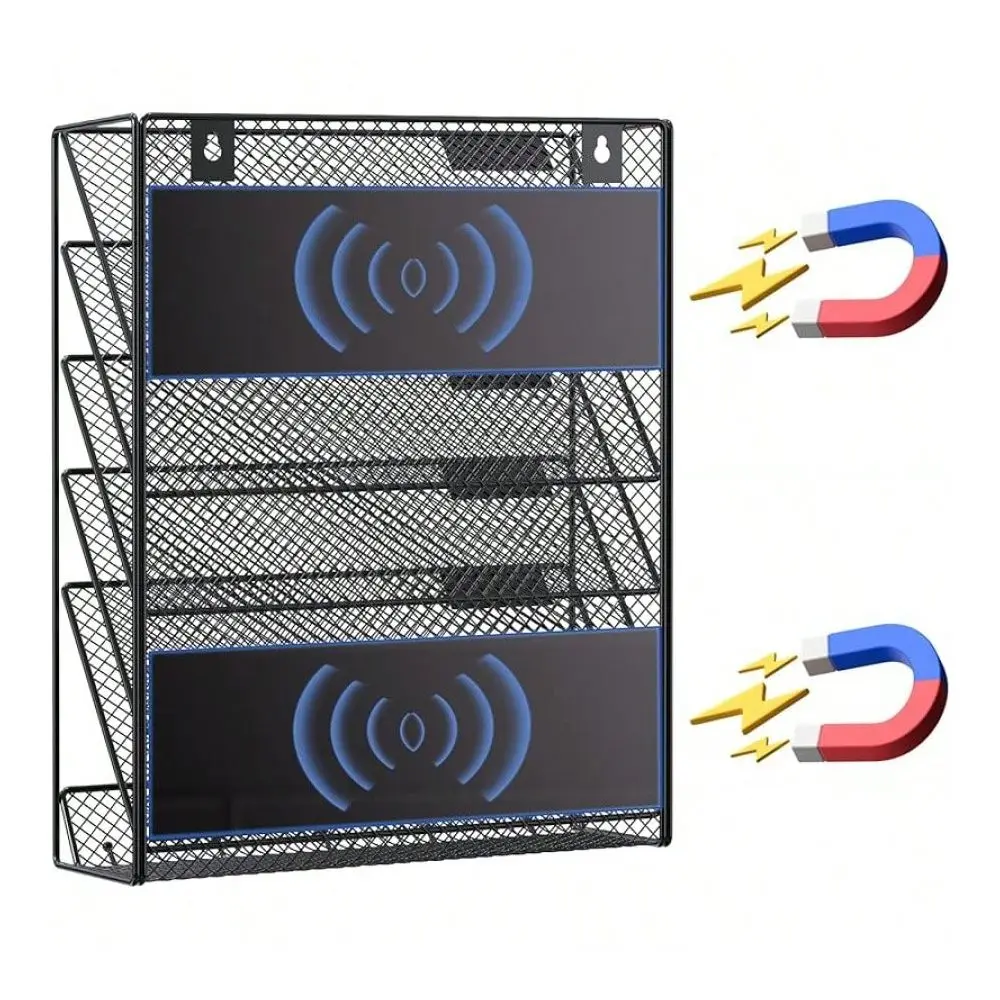 Magnetic Wall File Holder, 6Tier Hanging Wall File Organizer Wall Mount Paper File Folder Mail Organizer Office School, Magneti
Magnetic Wall File Holder, 6Tier Hanging Wall File Organizer Wall Mount Paper File Folder Mail Organizer Office School, Magneti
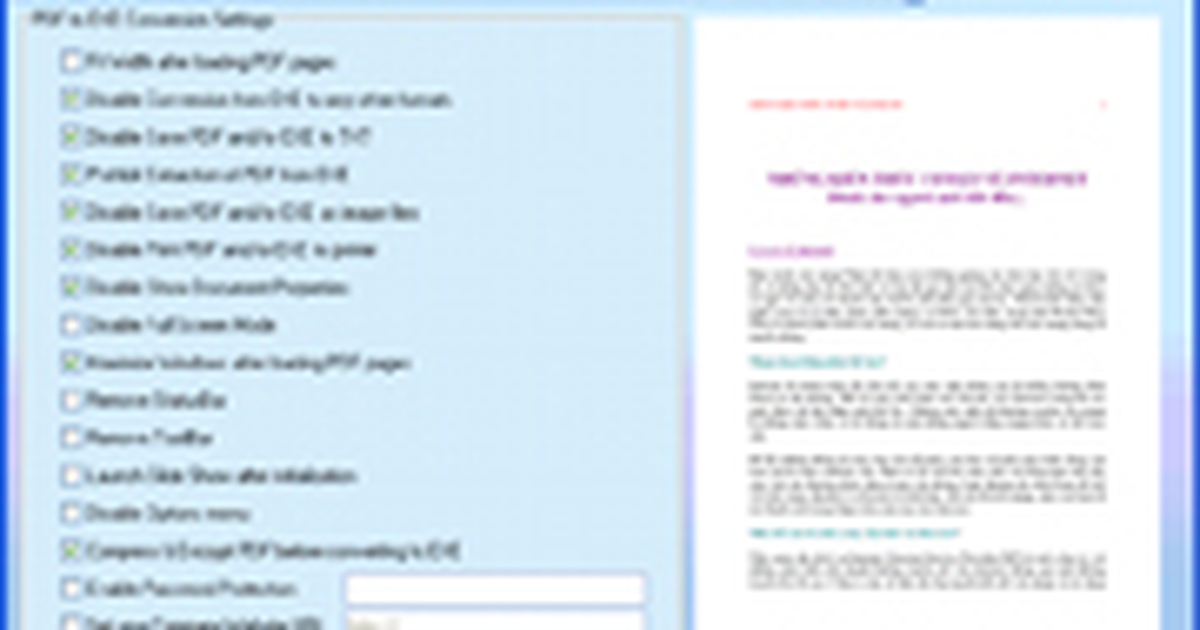Đóng gói các tập tin PDF thành file tự chạy với Pdf2exe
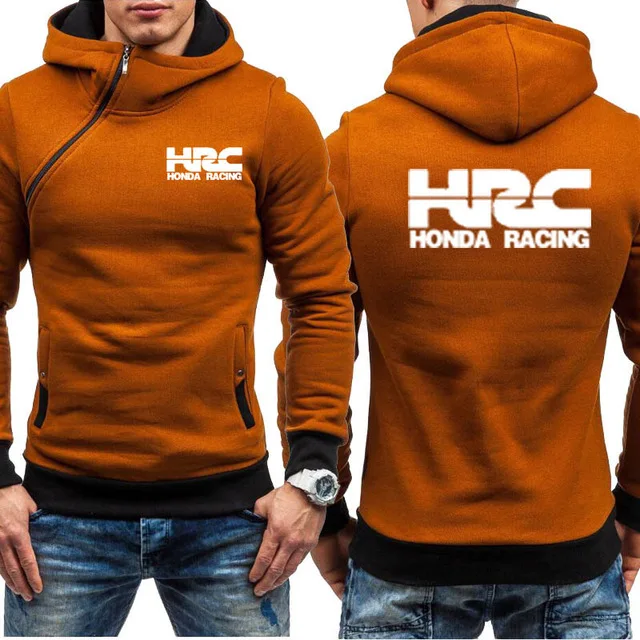 Мужские толстовки с капюшоном HRC гоночный мотоцикл автомобиль логотип печать
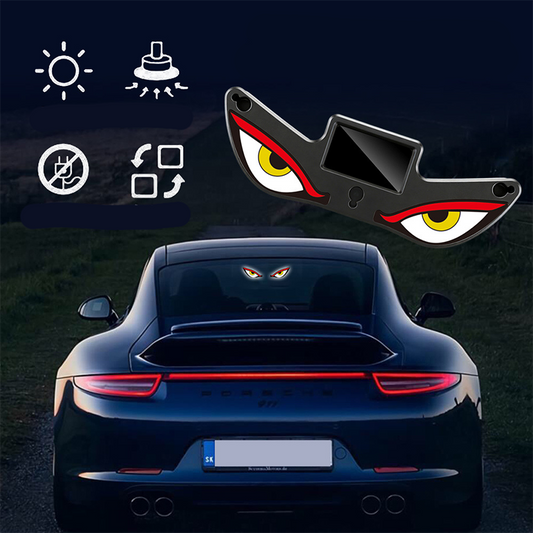 🚗💡 Lampada segnaletica a LED "Occhio del Diavolo" con pannello solare per auto – Protezione e visibilità 24/7! 🌙✨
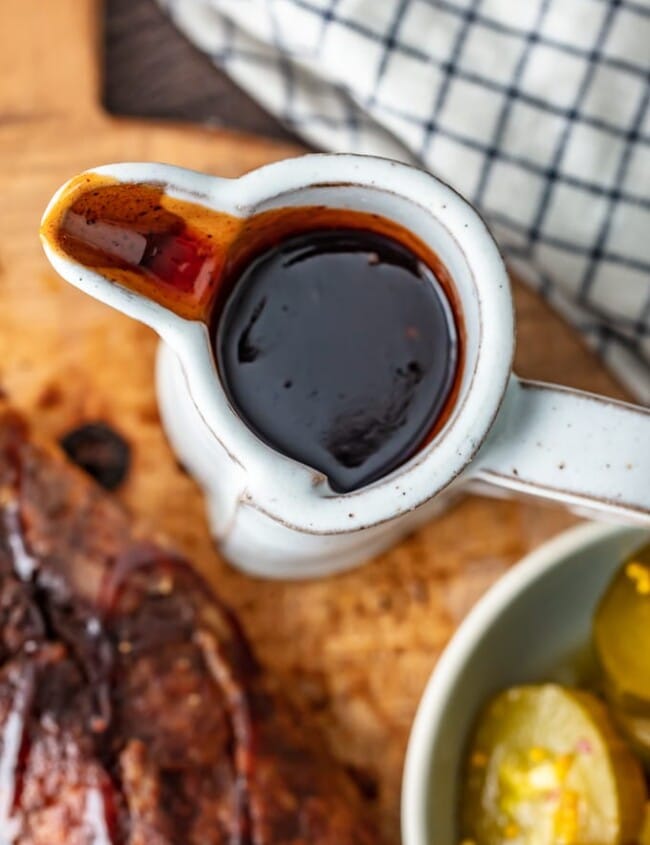 This homemade BBQ sauce recipe is the best BBQ sauce for brisket! It's so easy and so delicious. Make this amazing brisket sauce to cook with our BBQ beef brisket recipe. Or use it for any of your BBQ recipes!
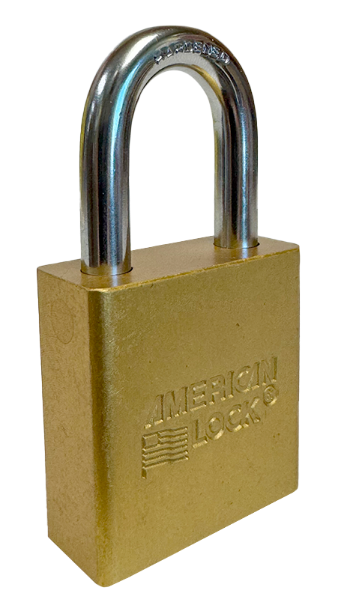 Aluminum Padlock 1-3/4" Body 5/16" Shackle Diameter 1-1/8" Shackle Length Yellow 2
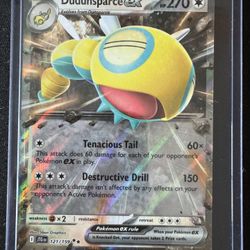 Dudunsparce EX Pokemon Card - JTG 121/159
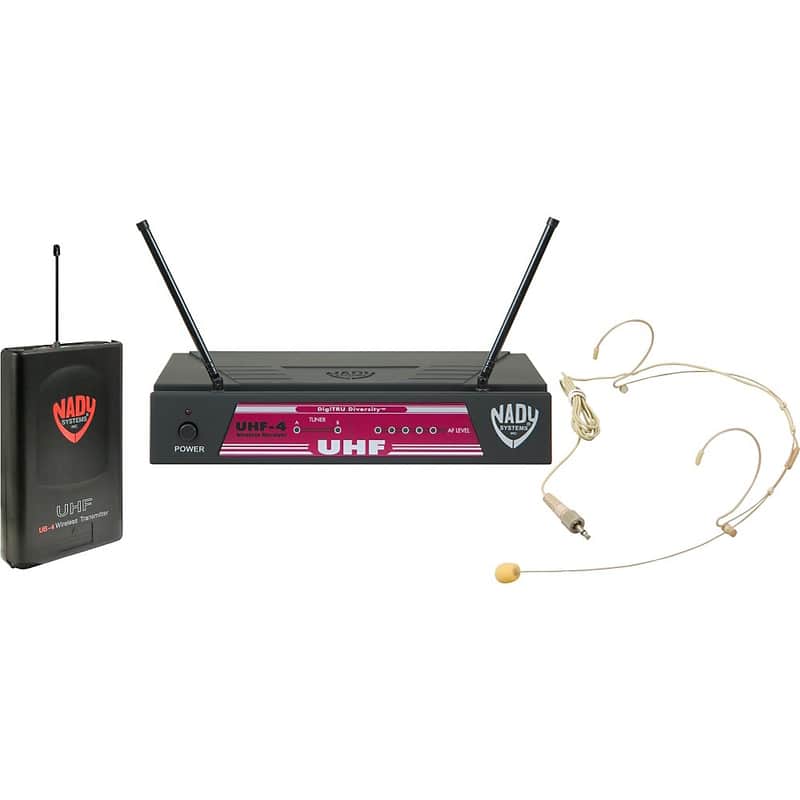 Nady UHF-4 Wireless Headset System image 1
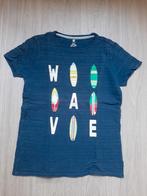 AvD 1353 blauw Hema T-shirt ‘’surf’’146/152 jongen, Gebruikt, Ophalen of Verzenden, Shirt of Longsleeve, Hema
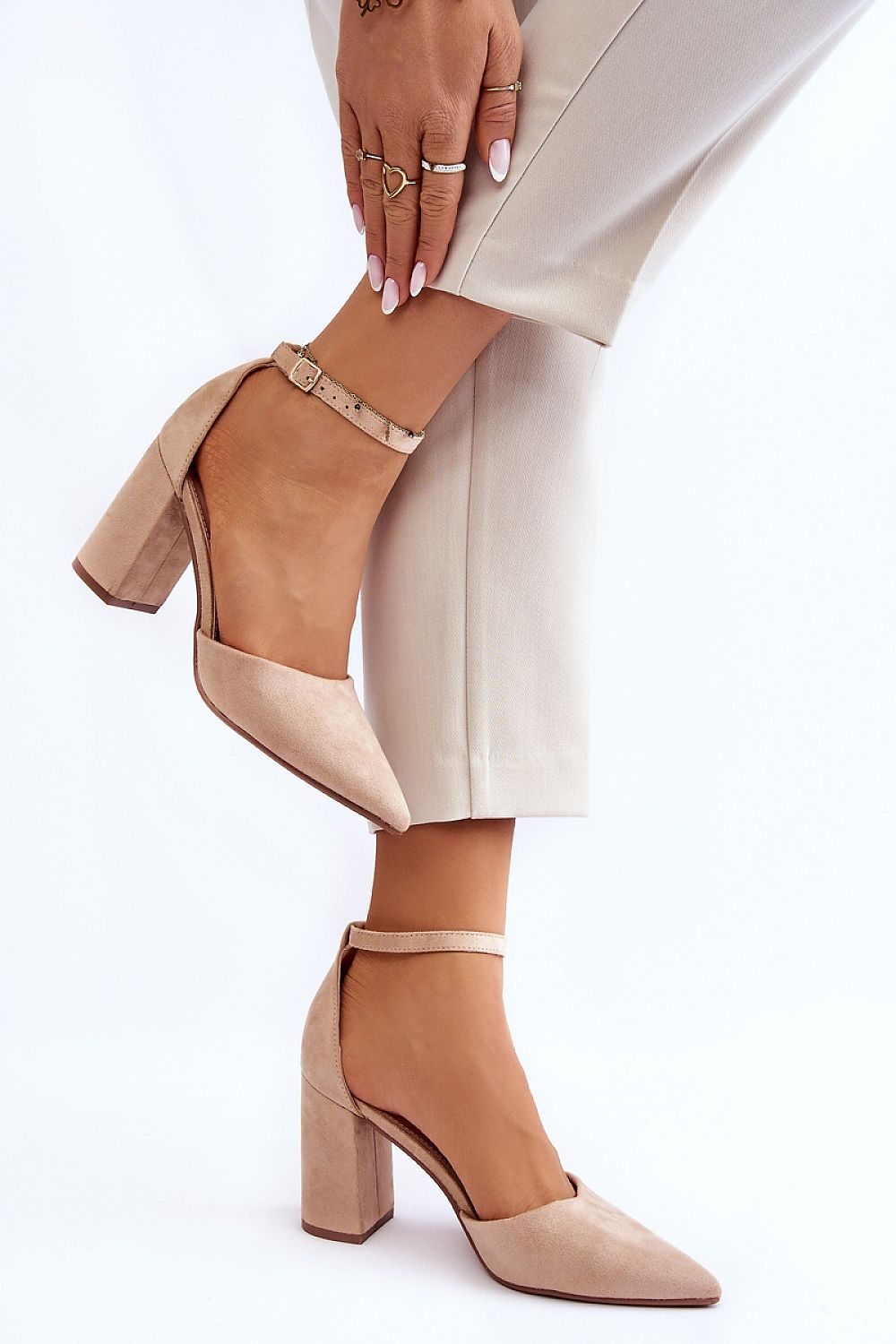  Pumps met dikke hak model 181456 Step in style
::::
Prompt —
Beginning with the line that contains "visibilità 24/7! 🌙✨" and ending with the last line of the data, restate each line word for word. Exclude the pictures.

Response —
 🚗💡 Lampada segnaletica a LED "Occhio del Diavolo" con pannello solare per auto – Protezione e visibilità 24/7! 🌙✨
 This homemade BBQ sauce recipe is the best BBQ sauce for brisket! It's so easy and so delicious. Make this amazing brisket sauce to cook with our BBQ beef brisket recipe. Or use it for any of your BBQ recipes!
 Aluminum Padlock 1-3/4" Body 5/16" Shackle Diameter 1-1/8" Shackle Length Yellow 2
 Dudunsparce EX Pokemon Card - JTG 121/159
 Nady UHF-4 Wireless Headset System image 1
 AvD 1353 blauw Hema T-shirt ‘’surf’’146/152 jongen, Gebruikt, Ophalen of Verzenden, Shirt of Longsleeve, Hema
  Pumps met dikke hak model 181456 Step in style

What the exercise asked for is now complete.